Building a secret message encoder

In this issue, I'll show you how to use the Scratch list feature to build a message encoder (or translator) that can be played back using a simple circuit on the GPIO. From a programming skills perspective, it will demonstrate how to manipulate the individual characters of much larger strings and transform them into something new.

I remember creating codes with my friends so that we could write "secret" notes to each other in school. Sometimes, the code used simple substitution (e.g., Z for A, Y for B, etc.), and other times the code was gibberish. In this project, I'm going to show you how to build your own message encoder using Scratch to substitute letters and numbers for Morse code.
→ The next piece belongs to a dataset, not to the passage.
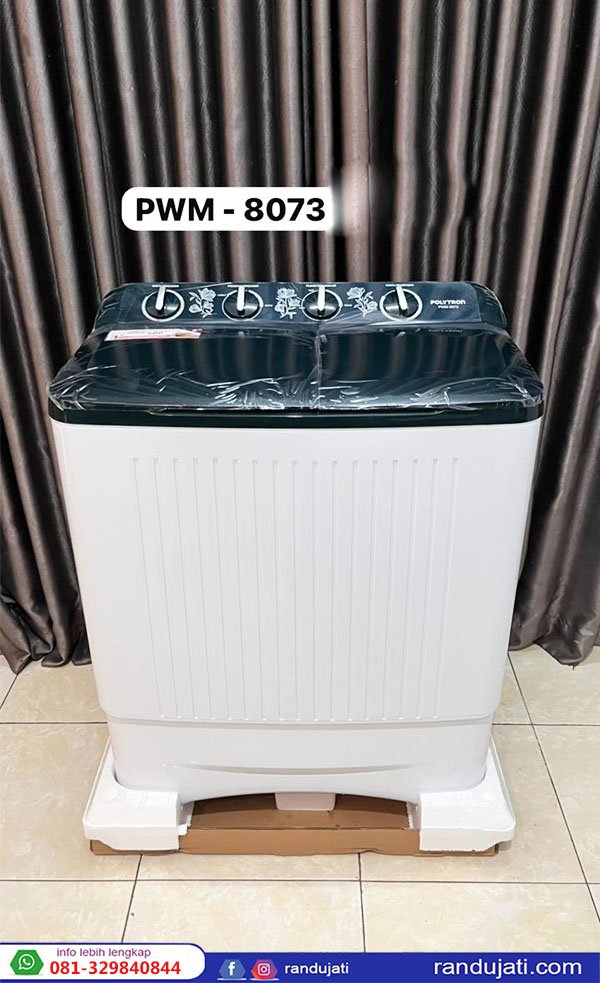 MESIN CUCI 2 TABUNG MANUAL 8KG POLYTRON PWM 8073 HITAM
Even though the project can ultimately be used to encode messages based on any rules you might want to make up, I'm going to demonstrate it with Morse code. Morse code, although it has many historical uses, including amateur radio, aviation, and of course the emergency signal SOS, is not encountered too often by the public.

In this project, the code will be played back through a piezoelectric buzzer wired up to the Raspberry Pi's GPIO pins, which can be controlled with ScratchGPIO [1]. I gave an introduction to ScratchGPIO in issue 7 of Raspberry Pi Geek [2].
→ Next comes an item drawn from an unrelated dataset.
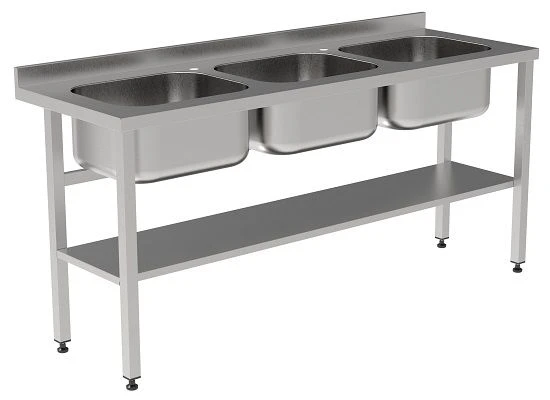 Table with three sinks, stainless steel, open with edge, 1800x600x850 mm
The actual circuit for this project is very simple, as seen in Figure 1, and this project can easily be modified to work with another component, such as an LED, or without any external electronics. However, the programming piece of the project will work extensively with lists (arrays) to create a "dictionary" of values that can be looked up to perform the encoding. To encode the message properly, I'll show you how to parse each message (a string), character by character.

Figure 1: The circuit showing how to connect a buzzer to the Rasp Pi to output Morse code.

Generating Morse Code

One of the great things about Morse code is that you can transmit messages in a variety of ways, including electrical pulses, tones, or flashes of light. Morse is composed of a pattern of dots and dashes to identify each character in the message. The difference between a dot and dash is the duration of the signal. A dash is three times longer than a dot, so if you are sending Morse code with an audible tone, the dot is one-third as long as the dash.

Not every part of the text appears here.